そう、その人達は現六課隊長陣であるなのはさんにフェイトさんにはやてさん。そして・・・。










「・・・へぇ、二人は幼馴染なんだ」

「はい」

「まぁ・・・腐れ縁というのなんです。家が隣同士なので」

「それは僕のセリフだ」



なによ、うーなんか可愛くないなぁ。



「まぁまぁ。・・・でも、いいな。私達も幼馴染なんだ」

「そういう友達は貴重だから、大事にしないとダメだよ?」

「「はいっ!!」」



・・・資料でしか見た事のないような憧れのエース達を前に、私の心は跳ね上がっていた。というか、うれしいよー! すっごくうれしいよー!!

でも、ちょっと気になっていた。そんなエース達の中に小さな男の子が居たのを。身長・・・あ、私と同じくらいかな?



「ほら、みんな。そろそろ行かないと時間なくなっちゃうよ? サクっと終わらせて、サクっとご飯だよ」

「あ、そうだね。というか・・・あの、恭文君」

「なに?」



え、待って。この子・・・今高町二尉に『やすふみ』って・・・。



「・・・いや、なにじゃなくてっ! どうしてそう言いながら肉まんなんて取り出して食べてるのかなっ!?」



私の視線はそこに集中した。そう、武装局員の青いアンダースーツを身に付けつつ、美味しそうにどこからか取り出した肉まんをほうばるあの子に。



「だって、みんなと合流する前に商店街の人達から『どっか行くなら途中で食ってけ』って言われてもらったんだもん。仕方ないじゃん」

「仕方なくないよっ! あぁもう、どうしてそんなに緊張感が無いのっ!?」

「魔王よりマシだよっ!!」

「なんなのっ! その意味不明な逆ギレの仕方はっ!!」



ま、まさか・・・やすふみって・・・蒼凪恭文っ!?



「・・・ん? なんや、フィニーノ通信士は恭文の事知っとるんか」

「はいっ! すっごくっ!! 私、お三方の次に会いたかったんですっ!!」



すると、あの子は驚いたような顔になる。

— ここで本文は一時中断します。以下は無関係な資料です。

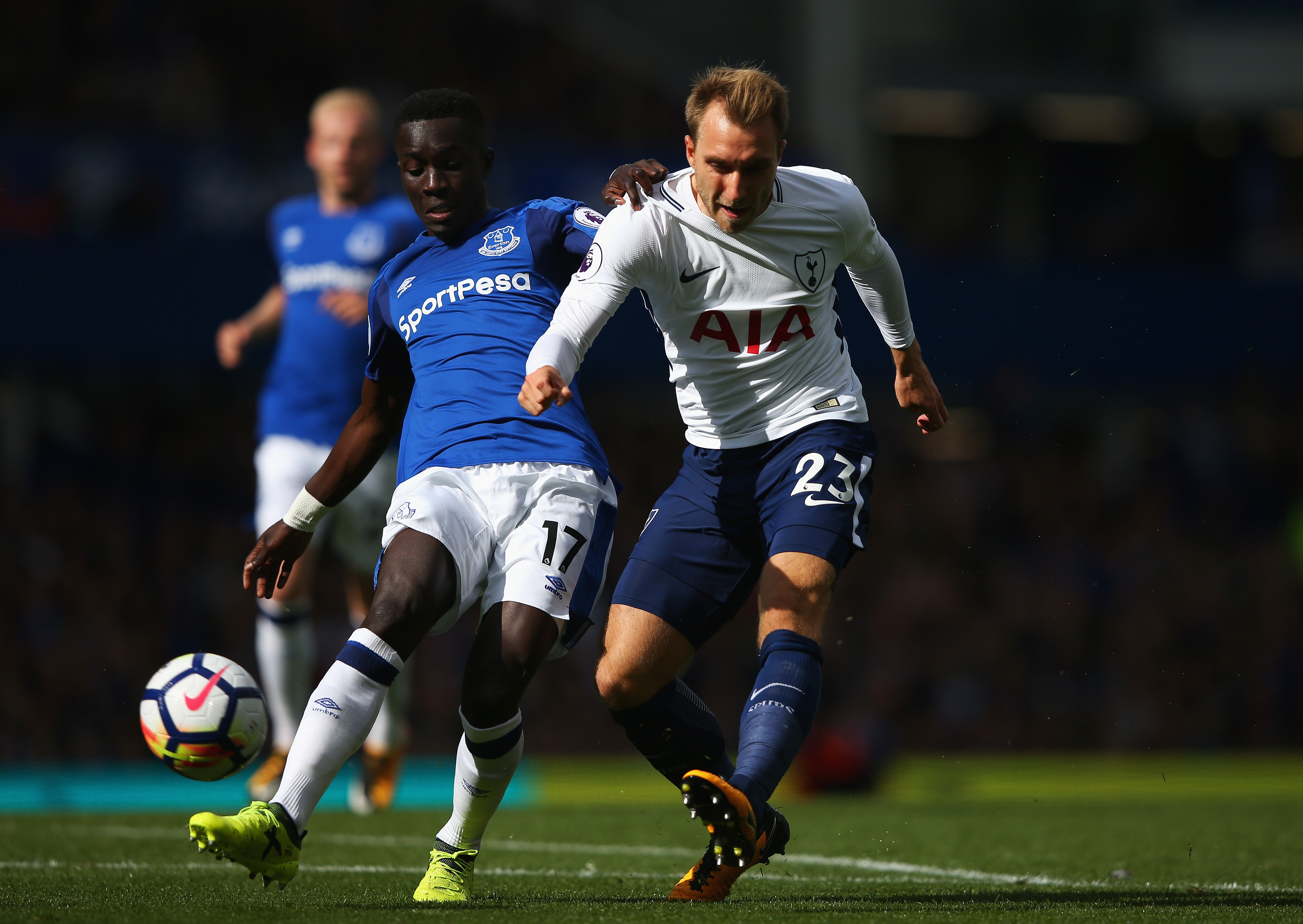 LIVERPOOL, ENGLAND - SEPTEMBER 09:  Christian Eriksen of Tottenham Hotspur shoots while under pressure from Idrissa Gueye of Everton during the Premier League match between Everton and Tottenham Hotspur at Goodison Park on September 9, 2017 in Liverpool, England.  (Photo by Alex Livesey/Getty Images)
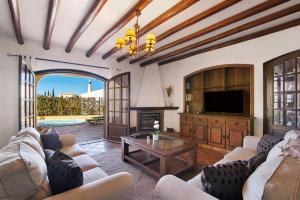a living room with a couch and a tv at Villa Rústica in Albufeira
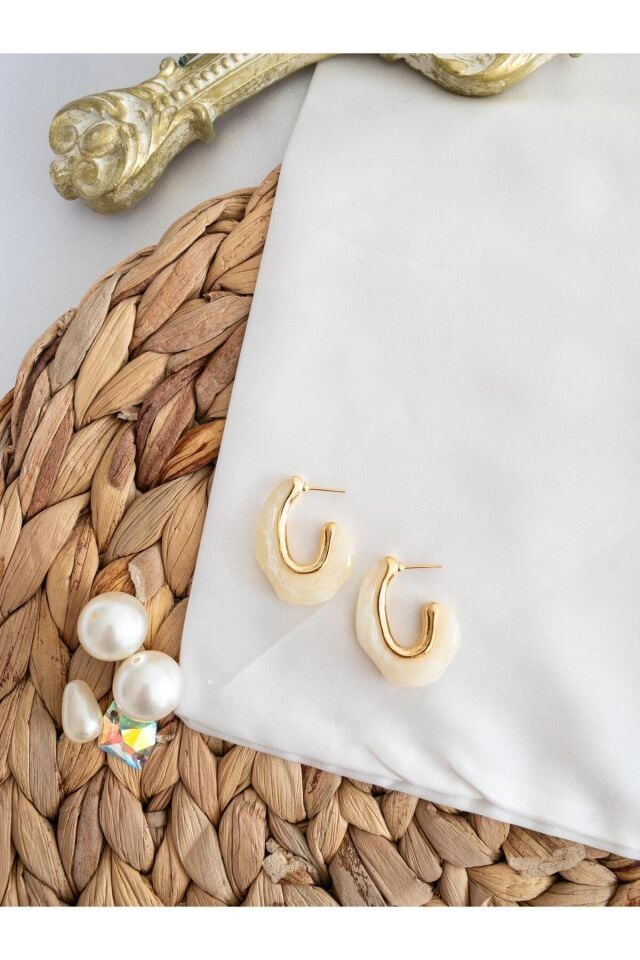 Krem Üzeri Sedef Detaylı Gold Reçine Küpe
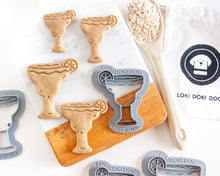 Cargar imagen en el visor de la galería, Margarita Cookie Cutter (Multiple Sizes Available)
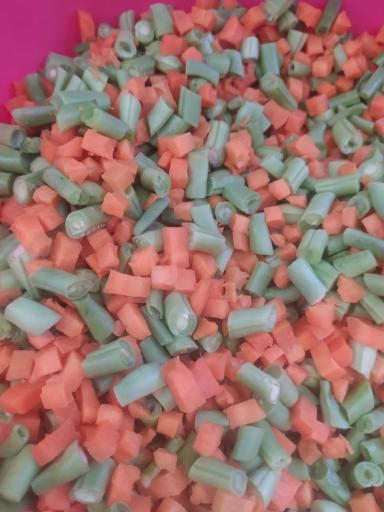 عکس سبزی فروشی یونا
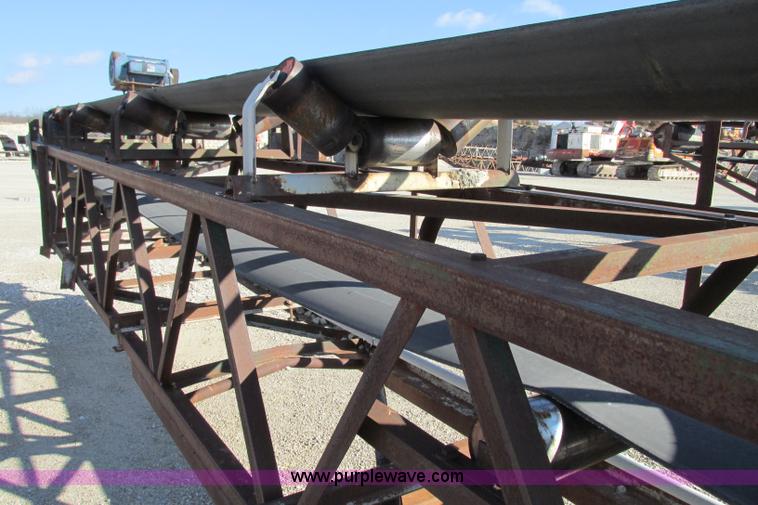 image for item F4735 Telesmith stacking conveyor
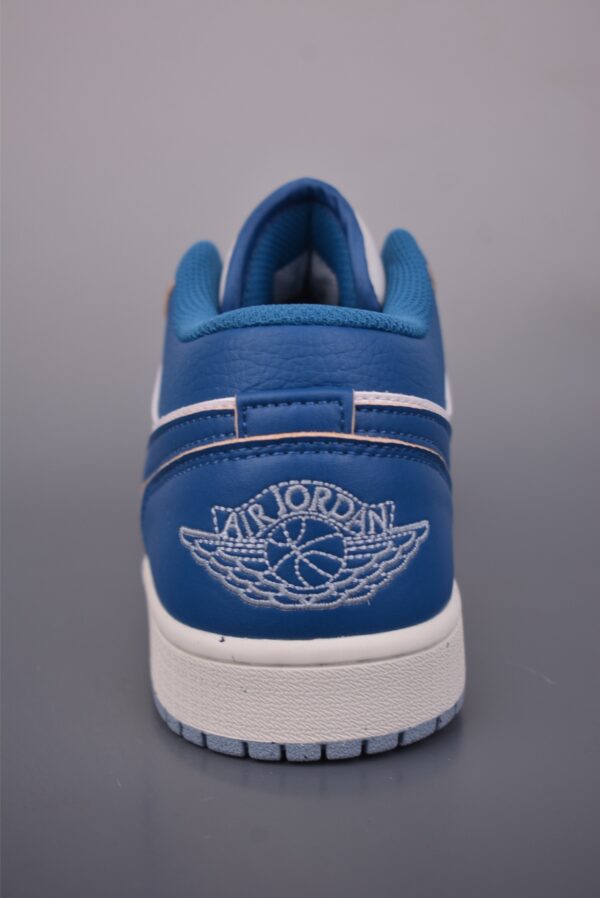 sy_no_C1E23A195B3DA36F4AF5E3EBC7E78F75_3 Air Jordan 1 Low – White / Deep Blue Retro Sneakers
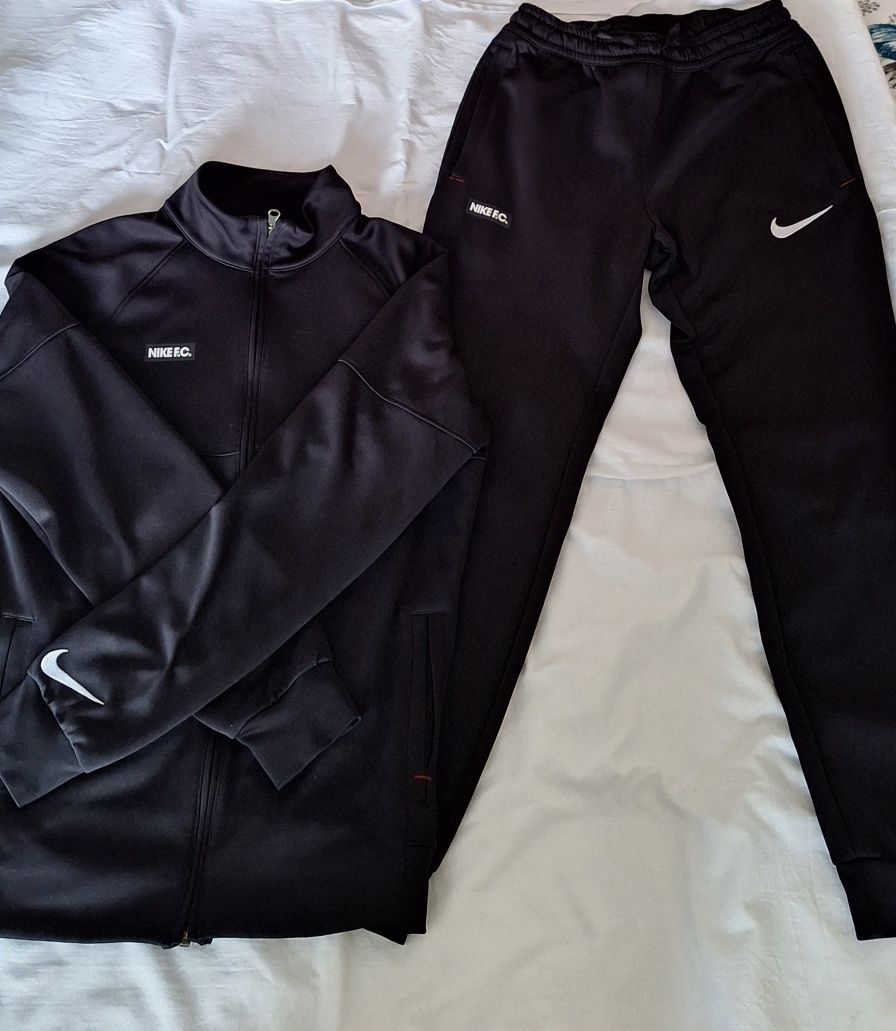 Продавам екип на nike.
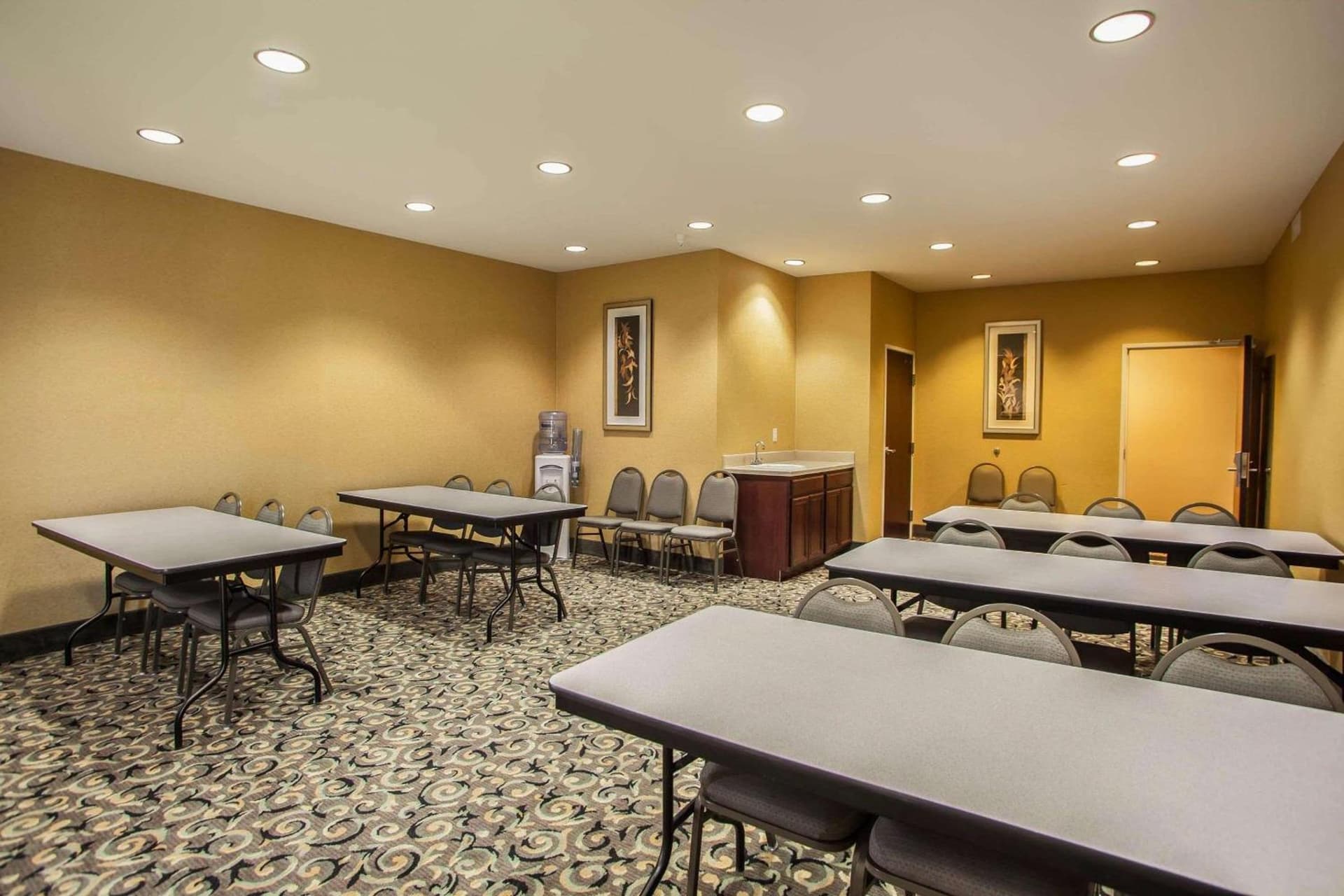 Comfort Suites Bloomington I-55 and I-74 gallery photo in Bloomington, IL — image 38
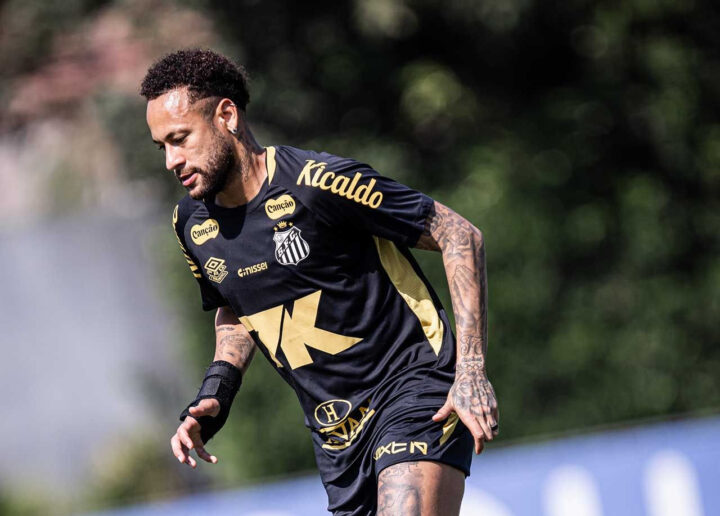 Neymar desfalca primeiro treino de Vojvoda no Santos e ainda é dúvida para domingo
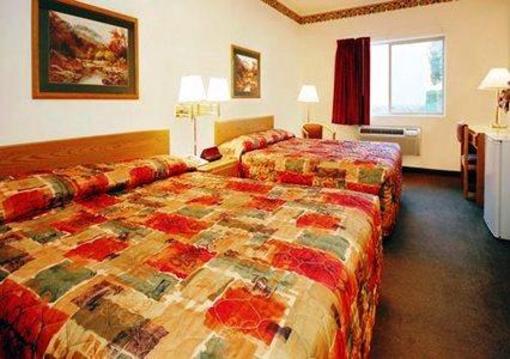 фото отеля Econo Lodge Inn & Suites New Castle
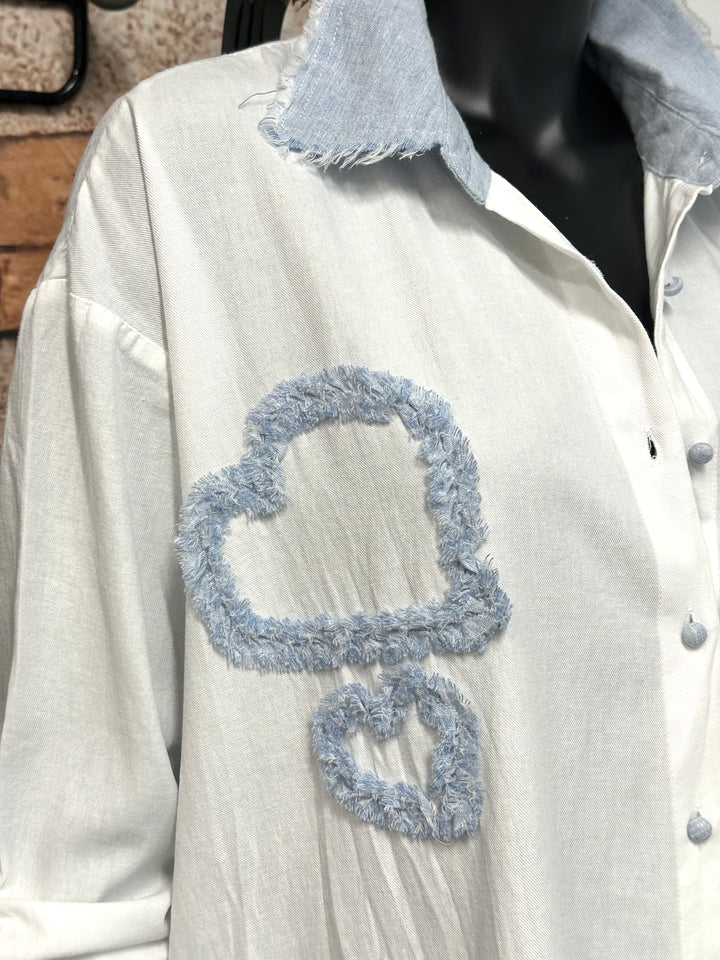 Chemisier bohème-chic "coeurs & volants" blanc et denim clair (38/40) (42/44)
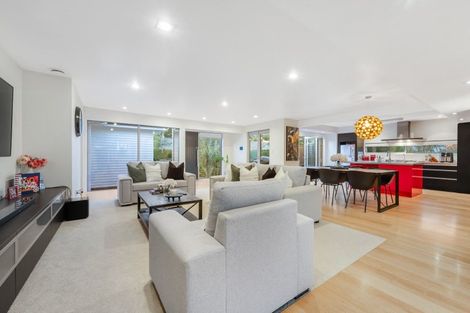 Photo of property in 9 Shelly Beach Parade, Cockle Bay, Auckland, 2014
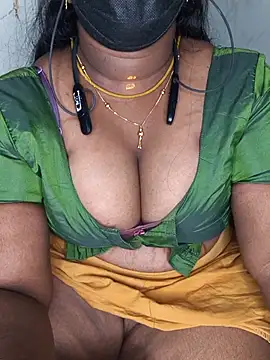 Lakshmi_tamil__ - Boobs oil massage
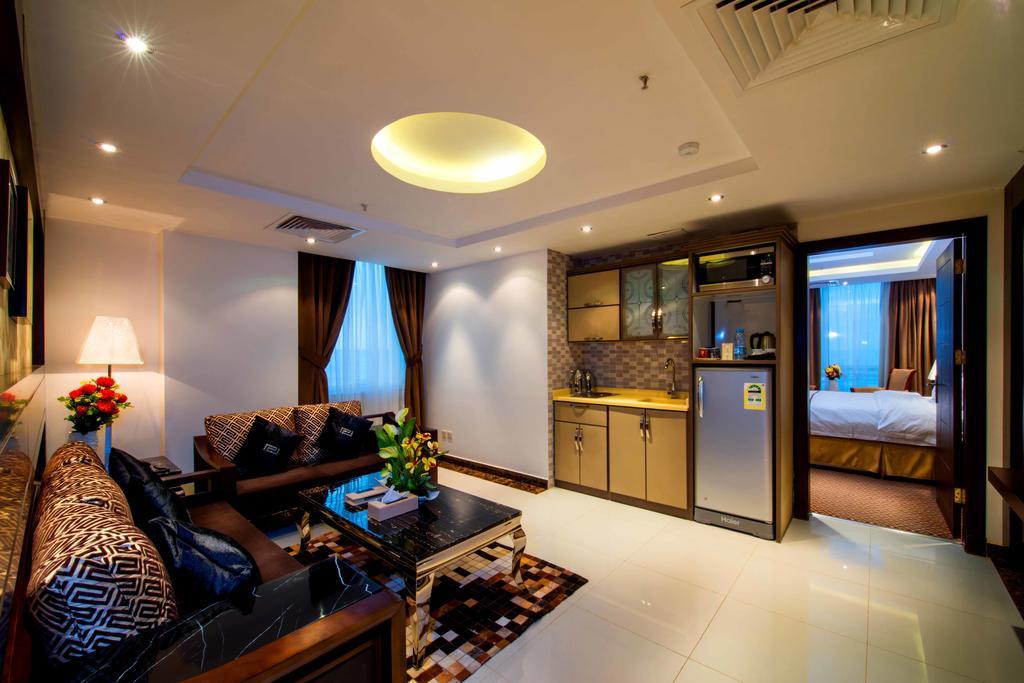 Al Yamama Palace Hotel Suites ริยาดห์ ห้อง รูปภาพ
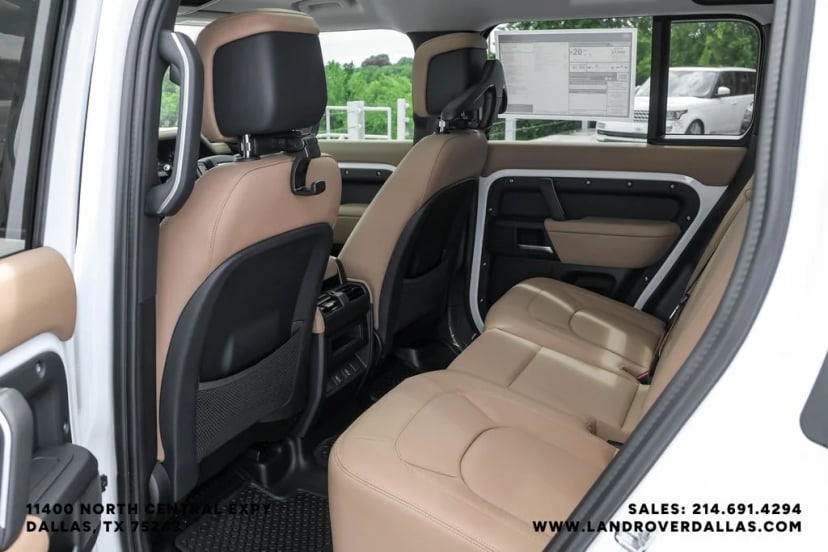 2026 Land Rover Defender 110 - Image 35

いや、全員同じだね。



「え、えっと・・・それはどうして? ヤスフミは特に局員というわけでもないのに」

「それでも有名ですよっ!! ・・・あの伝説の魔導師であるヘイハチ・トウゴウの弟子で」



私も名前だけしか知らないような人だけど、凄い人だというのは聞いている。



「自身もとても優秀な魔導師で」



そして、その人が見込んで弟子にした魔導師が居ることも。



「本局医療施設を三度も混乱に陥れたという、生ける伝説ですからっ!!」

「なんじゃそりゃっ!? え、僕ってそんなしょうも無い事で有名なんかいっ!!」

≪まぁ、間違っては居ませんよね。現に混乱に陥れてますから≫

「そうやなぁ、それも2度目以外はホンマにしょうも無い理由でやで? それも女絡みや」



・・・あれ、でもおかしいな。こう・・・ちょっと違う。



「あの、私が聞いていた話だと・・・背中に翼が六枚あって、腕が左右あわせて八本。瞳は一つ目で角が生えていて、肌が赤黒くて口から怪光線を吐き出すと」










次の瞬間、私の身体は天高く吹き飛んでいた。いや、あの子が蹴りとか叩き込んできたからだけど。




















◆◆◆◆◆◆◆◆◆◆



「いやぁ、あの蹴りは危なかったなぁ。咄嗟にガードしたから良かったけど、さすがに・・・あれ? どうして皆はそんな目で私を見るのかな」

「・・・あの、シャーリーさん。非常に言いにくいんですが」

「それ、多分自業自得です」



・・・そうかな。私は平気だったけど、なぎ君はフェイトさんにそれですっごい怒られてたのに。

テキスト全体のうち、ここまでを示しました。